Als mein Lieblingsspieler De Rossi mit einem eklatanten Fehlpass den Untergang einleitete, war die Sache für mich die WM aus italienischer Sicht abgeschlossen. War gegen Paraguay zumindest ein bemühtes und zugleich mühseliges Spiel nach vorne zu sehen, wurde dies gegen Neuseeland mit sinnlosen Flanken und Bällen in die Spitze karikiert. Der vollkommen passive Auftritt bis zum 0-2 war vollkommene Resignation. Die Zeitungen reden zurecht von einer Schande, es war ein peinlicher Auftritt, doch ich habe keinen Grund zu trauen. Ich bin endlich frei.

Die furiosen Schlussminuten waren kunstloses Brot. Ein mehliger Pizzateig, dem der so wichtige Belag fehlte. Ranziger Käse in Form überalterter Weltmeister, unreife Tomaten, dargestellt von jungen Spielern, denen die internationale Klasse fehlt, sind keine Zutaten, um in der leichtesten WM-Gruppe bestehen zu können.
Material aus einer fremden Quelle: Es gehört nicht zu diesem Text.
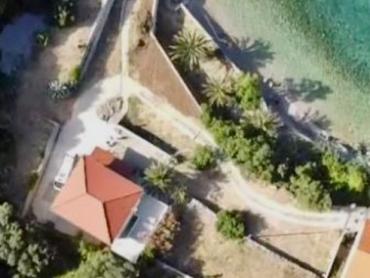 Trpanj - Vila uz plažu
Vom ersten Moment an hat Italien den Fußball negiert und nur in wenigen Momenten ansatzweise etwas mit dem Sport zu tun.

Nach der desolaten WM soll nun Claudio Cesare Prandelli aus dem italienischen Scherbenhaufen ein Team internationalen Formats schaffen. In seinen Jahren in Florenz konnte er beweisen, dass er weiß, wie man junge Spieler aufbaut, doch wirklich überzeugen konnte er nicht, auch weil er noch nie mit einem großen Verein um Titel mitspielen konnte. 2004 hatte er zwar beim AS Rom den Trainerposten übernommen, doch nach dem tragische Tod seiner krebskranken Frau entschloss er sich nach wenigen Wochen, sich für ein Jahr vom Fußball zurückzuziehen. Prandelli bewies damals bereits seine menschliche Größe. Und das zählt zu den wichtigen Dingen des Lebens. Nicht der Fußball, der nur eine Allegorie des Lebens darstellen kann.